Showing posts with label Political philosophy. Show all posts
Showing posts with label Political philosophy. Show all posts

Thursday, April 28, 2011

R.I.P. Richard Cornuelle, "prince of classical liberalism"

Peter Boettke  on the passing of a great thinker Richard Cournuelle.
In Healing America (1983) Cornuelle argued that what was required was a radical reconsideration of the scope of government responsibility.  Public policy had come to a dead end.  We had come to believe that we cannot make society habitable without making government bigger, and yet we cannot pay the cost of the bigger government without creating more problems that add to the cost of government.  A vicious cycle ensued following the Great Depression --- "Government is growing as it fails, and, to a chilling degree, it is growing because it is failing."

By the late 1960s and 1970s, the failure of government programs was recognized even by those who were entrusted with their management.  By the 1980s, the extent of the failures of the bureaucratic attempt to address the social ills of poverty had intensified.  We don't have much of a choice, Cornuelle tells us, when our policy options are humanity or solvency.  To solve the crisis we didn't need to starve the state of resources (this is not ultimately a tax and spend issue), we needed to starve the state of responsibility (it is a question of scope and fundamentally about political theory).  In other words, if we can theoretically and empirically demonstrate that the voluntary sector can outperform the state sector in the delivery of basic social services, then we can avoid the crisis of the fiscal state (and the inhumanity of bureaucratic 'solutions') and unleash the power of people and the communities they live within, and actively participate in, to tackle the social ills of poverty, unemployment, health and education.  The American Dream is of a society that is at once free, prosperous and caring.  The "good society" Cornuelle argued did not result from grand designs, but from "millions upon millions of caring acts, repeated day after day, until direct mutual action becomes second nature."
Here is his essay "New Work for Invisible Hands."

Wednesday, August 26, 2009

Will Wilkerson versus the Marxist intellectuals

What We Are Not Embarrassed by: "Here is a good debate proposition: It ought to be less embarrassing to have been influenced by Ayn Rand than by Karl Marx." But the intellectuals love the jargon.

Wednesday, October 08, 2008

Who says the natural state is equalitarian?
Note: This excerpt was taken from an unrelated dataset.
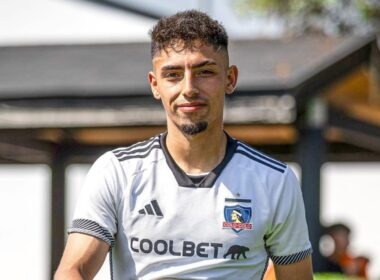 Primer plano a Dylan Portilla con la camiseta de Colo-Colo.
Why left intellectuals despise Richard Epstein of the Chicago School: Because he's one smart legal scholar and a very good political philosopher.
Now that yesterday's market nosedive shows the disappointing Congressional bailout has not calmed markets, let the post-mortem begin. Disasters like this latest financial meltdown don't just happen. Mistakes this huge require an impoverished political philosophy to grease the skids. Fannie and Freddie didn't design their horrific lending policies by chance. No, behind this lending fiasco lay the strong collective preference for the "patterned principles" of justice that Robert Nozick attacked so powerfully in his 1974 masterpiece, Anarchy, State, and Utopia.

Believers in patterned principles hold that there is some preordained social order that is more just than others. Accordingly, the function of the state is to use the levers of powers to manipulate behavior to achieve the desired outcomes. These patterned principles stand in opposition to historical principles of justice, which are content to establish the rules of the game and then let the legal moves by individual players determine the social outcomes. For Nozick, the key rules were rules of justice in acquisition (to set up the initial property rights) and justice in transfer, whereby those rights (and others derived from them) could be exchanged or combined through voluntary transactions.

Because Nozick was no utilitarian, he did not dwell on the powerful efficiency features of this system, which shine through for ordinary real estate transactions. The key function of the legal system is to minimize the transactional barriers and increase the velocity of voluntary exchanges, all of which generate mutual gains for the parties. So long as one is sure that the given distribution of resources is obtained by legal moves from the original position, don't worry about the relative positions of one person vis-à-vis the others. Don't, in other words, use state coercion to create a distinctive pattern of rights deemed ever so desirable in the eye of some political beholder.